┌─ Record extracts
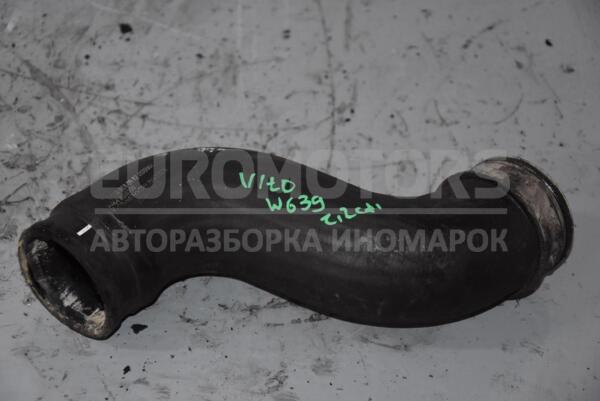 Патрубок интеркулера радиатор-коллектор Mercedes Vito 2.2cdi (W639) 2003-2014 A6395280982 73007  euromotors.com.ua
└─
┌─ Record extracts
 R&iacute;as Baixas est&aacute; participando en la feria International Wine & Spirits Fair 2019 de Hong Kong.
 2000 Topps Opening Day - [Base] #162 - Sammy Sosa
└─
┌─ Record extracts
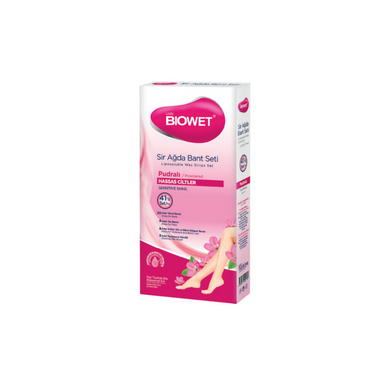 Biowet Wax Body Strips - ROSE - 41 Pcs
└─
## The problem
Would you retype exactly the lines above, from the line with "R&iacute;as Baixas est&aacute;" to the line with "2000 Topps Opening", with both end lines kept and nothing more?

## Solution
 R&iacute;as Baixas est&aacute; participando en la feria International Wine & Spirits Fair 2019 de Hong Kong.
 2000 Topps Opening Day - [Base] #162 - Sammy Sosa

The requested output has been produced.